- Directed by: H. C. Potter
- Screenplay by: Isabel Dawn Boyce DeGaw
- Story by: Mildred Cram ("Redbook Magazine")
- Produced by: E.M. Asher
- Starring: Wendy Barrie Ray Milland Kent Taylor William Gargan Polly Rowles
- Cinematography: Joseph Valentine
- Edited by: Maurice Wright
- Production company: Universal Pictures
- Distributed by: Universal Pictures
- Release date: May 16, 1937 (United States);
- Running time: 78 minutes
- Country: United States
- Language: English

= Wings over Honolulu =

1937 film by H. C. Potter

Wings over Honolulu is a 1937 American romantic drama film directed by H. C. Potter and starring Wendy Barrie, Ray Milland, Kent Taylor, William Gargan, and Polly Rowles.

The cinematographer Joseph Valentine earned a nomination for the Academy Award for Best Cinematography for his work on this military romance, with Wendy Barrie as a young woman who finds it difficult to adjust to the life of a Naval aviator's wife.

==Plot==
Lauralee Curtis is introduced to a Navy lieutenant, pilot Sam "Stony" Gilchrist, at her 20th-birthday party. It is love at first sight. Two days later, they are husband and wife.

Stony's next base will be in Honolulu, Hawaii, but at the last minute, he receives orders to drop everything and fly to Washington, D.C. He kisses his new bride goodbye and she boards a ship to Honolulu by herself. On board, Lauralee encounters an admiral's daughter, Rosalind Furness, who treats her coldly. The admiral explains that everyone had assumed Rosalind would be the one to marry Stony.

By the time the ship reaches port, Rosalind has made it abundantly clear to Lauralee that she is standing by in case the marriage does not work out. Lauralee becomes lonely in Honolulu until she runs into an old friend, Greg, and begins socializing with him.

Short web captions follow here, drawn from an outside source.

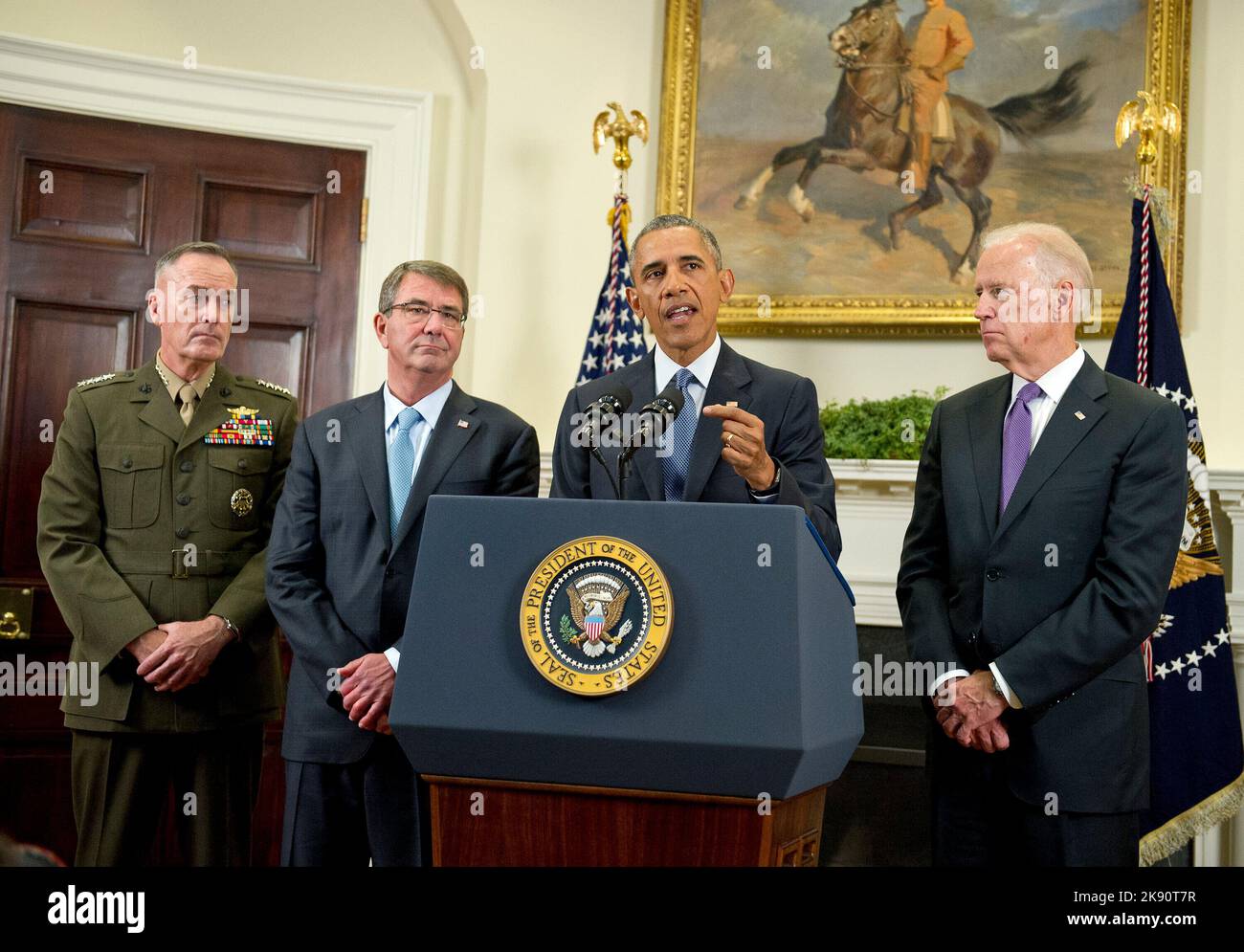 Il presidente degli Stati Uniti Barack Obama annuncia che manterrà 5.500 truppe americane in Afghanistan quando lascerà il suo ufficio nel 2017 e spiega il suo ragionamento per quell'azione nella Roosevelt Room della Casa Bianca a Washington, DC giovedì 15 ottobre 2015. Da sinistra a destra: IL generale Joseph F. Dunford, Presidente, Capi congiunti del personale; il Segretario della Difesa statunitense Ashton carter; il Presidente e il Vice Presidente degli Stati Uniti Joe Biden. Credito: Ron Sachs/Pool via CNP Foto Stock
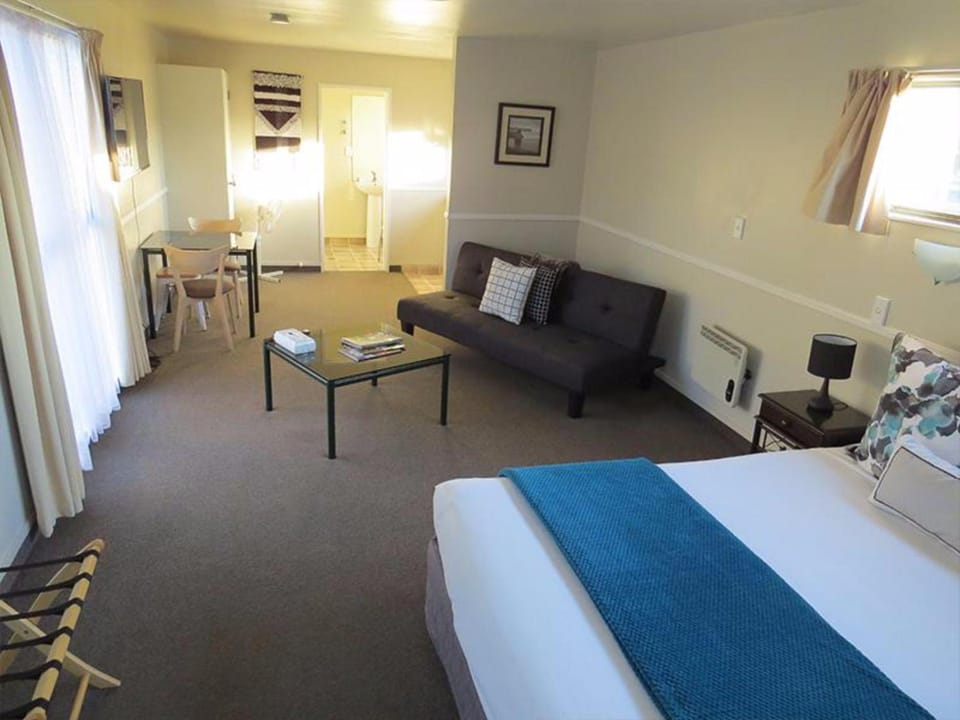 Living room, Bedroom, room service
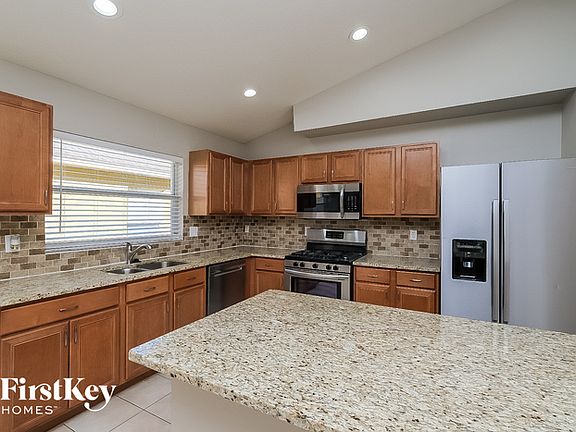 5th image of 15435 Osprey Glen Dr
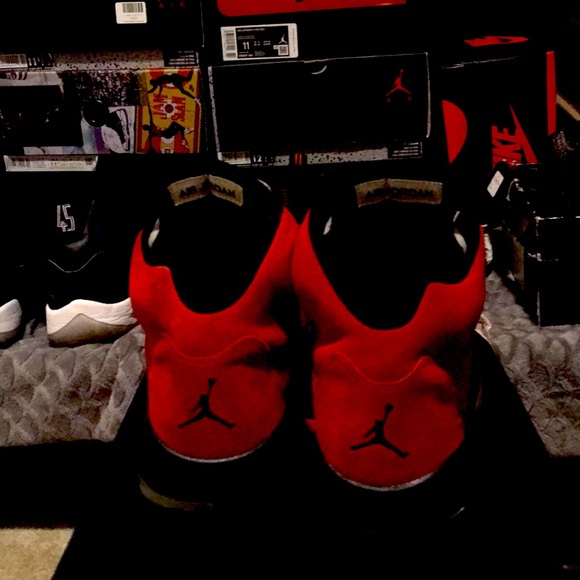 Retro Jordan 5 Ragging Bull - Picture 3 of 8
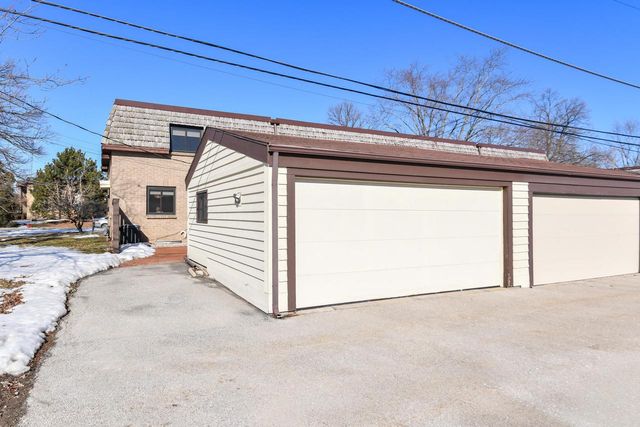 16107 W Heritage LANE, New Berlin, WI 53151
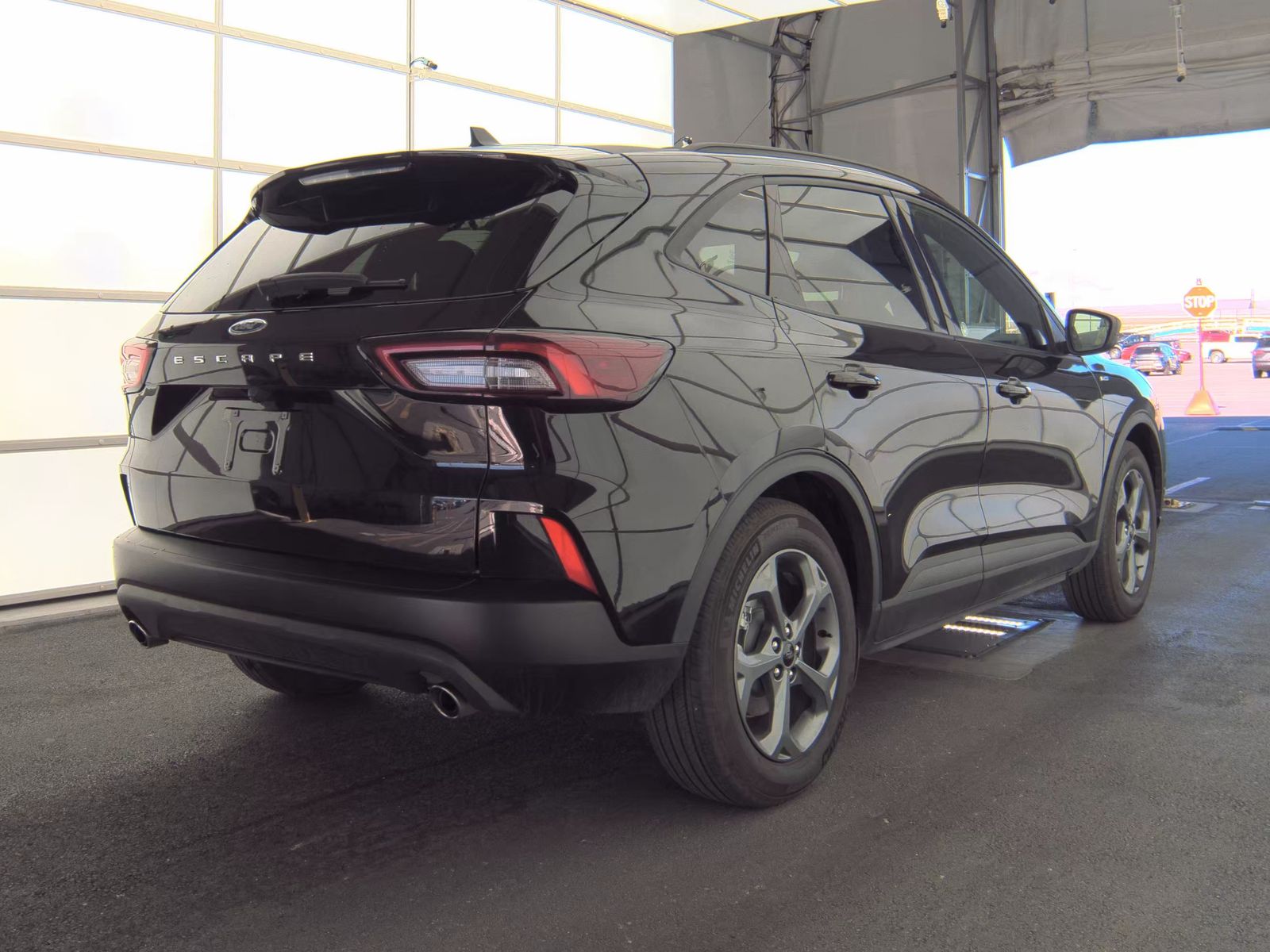 2025 Ford Escape ST-Line FWD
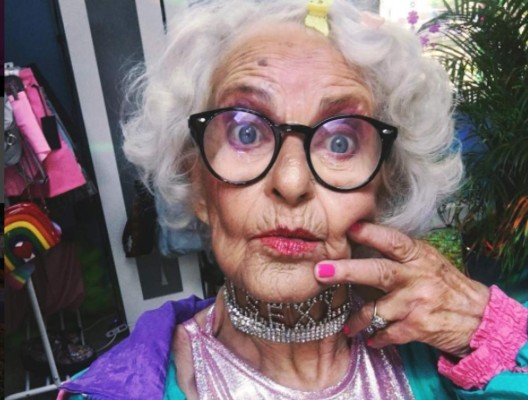 Abuelita de 69 años rompe internet con su peculiar y colorida forma de vestir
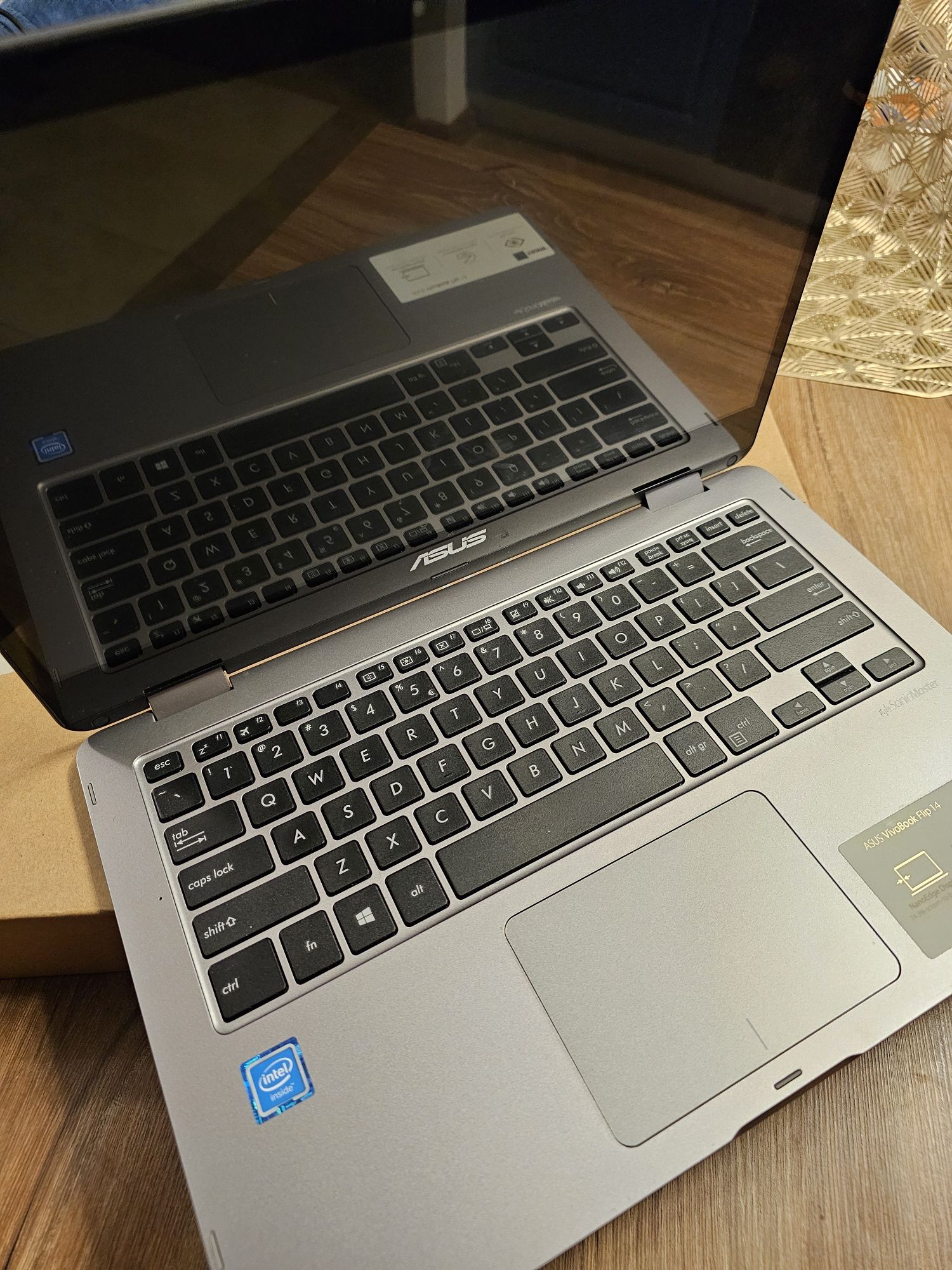 Laptop Asus Vivobook Flip TP401MA Ekran dotykowy i tryb tableta 360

Complications ensue until Lauralee ultimately believes she must leave Stony because she is harmful to his career. When she and Greg are aboard a sailboat, Stony buzzes them in his plane and ends up in a military courtroom, his career at risk. Rosalind gloats that now Stony can be hers, but he goes after Lauralee and all ends well.

==Cast==

- Wendy Barrie as Lauralee Curtis
- Ray Milland as Lieutenant "Stoney" Gilchrist
- Kent Taylor as Gregory Chandler
- William Gargan as Lieutenant Jack Furness
- Polly Rowles as Rosalind Furness
- Mary Philips as Hattie Penletter
- Samuel S. Hinds as Admiral Furness
- Margaret McWade as Nellie Curtis
- Clara Blandick as Evie Curtis
- Joyce Compton as Caroline
- Louise Beavers as Mammy

==Production==
The setting for the film is at Naval Air Station North Island.